If Russia's recent actions and those now ongoing reflect a genuine commitment to defeat that organization, then we are prepared to welcome those efforts and to find a way to deconflict our operations and thereby multiply the military pressure on ISIL and affiliated groups.
But we must not and will not be confused in our fight against ISIL with support for Assad.
Moreover, we have also made clear that we would have grave concerns should Russia strike areas where ISIL and Al-Qaeda affiliated targets are now operating, are not operating.
Well, that's exactly what they're doing, Secretary.
They're attacking targets where our allies are operating, not ISIL.
So uh if Russia's recent actions uh and we're prepared to welcome it.
They don't have these I our people are clueless here, sadly, is what it seems like.
And don't know how to uh react to this.
So the best they can do is to go out and act like Russia is following through on what it said it was gonna do.
This whole statement from Kerry is sounds like it's predicated on his belief that they're they're hitting ISIS.
First half of the statement, he thinks they're hitting ISIS.
He knows they're not.
He's trying to tell anybody listening, hey, they're hitting ISIS, and we agreed to it, and we're all in for them.
But but but if they veer from this, then we're gonna have it.
Sit down with them.
That isn't gonna happen because the only reason Putin's doing any of this is because he's confident as hell we're not gonna do anything about it.
What is this de-conflict anyway?
And to find a way to de-conflict our operations and thereby multiply the military.
We are so, so screwed here, folks.
Okay, I want to take you back to me on this program, September 15th of 2015.
But I have I have explained this countless times over the last ten years.
Actually, I've been explaining Hillary Clinton to people for 25 years.
And here is an abbreviated version, one of the most recent explanations I have offered.
In the Clinton world, she already has earned it.
She's earned it countless times, sacrificing her own life and future in marrying Bill and going to Arkansas and having to put up with all of that.
I mean, having to live in Arkansas bad enough, but then when your husband's running around with all the bimbos, and then he's only making 25 grand as governor, you have to go to the Rose Law firm, and you have to make strange cattle deals with uh Robert Red Bone.
You have to find ways to turn 10 grand into a hundred grand by reading a Wall Street Journal, and you have to pull down a hundred some odd grand in salary from the Rose Law Firm, and you hide documents at Rose Law Firm that don't show up in the White House map room for years.
I mean, she put in a lot of heavy duty here.
So in her mind, in her campaign's mind, she's already earned it.
She doesn't have to campaign.
This is all about the explanation of why Hillary Clinton has an entitlement to the presidency and why she thinks the Democrat Party owes it to her.
And it goes back to when she met Bill and they're at Yale or whatever.
He proposes that at the time Hillary had a reputation.

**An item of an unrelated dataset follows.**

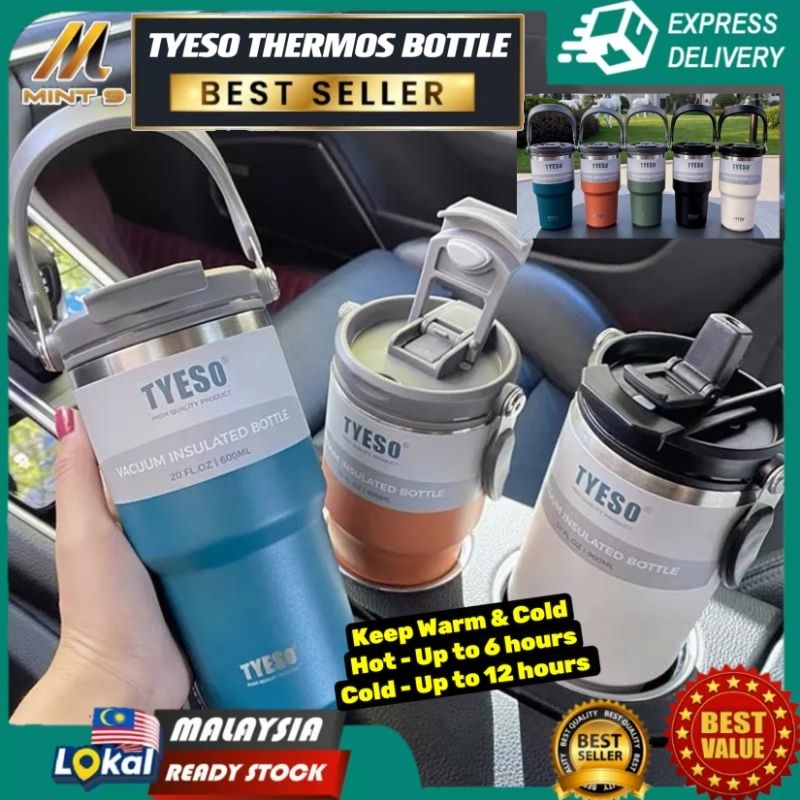 Original Tyeso Tumbler With Handle 750ML 900ML Hot/Cold Thermos Cup 304 ...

She could have been anything she wanted.
She was the smartest woman in the world.
Instead, she gave it all up.
And hitched her wagon to Bill Clinton and decided to follow him wherever he went and then take over wherever he went.
Rather than chart her own path.
She gave up what could have been a magnificent life on her own.
And doing this required her to go to the swamps of Arkansas.
Oh my God, the worst thing could happen is somebody from Yale, a sophisticated Northeasterner having to go to the South.
Oh my God, it's horrible.
But she did.
And then she got there, and her husband's making 25 grand as governor of this hick state in her mind, is running around with TV anchors and who knows what other kind of women, and she knows about it, and she has to stay quiet, and she has to never leave him.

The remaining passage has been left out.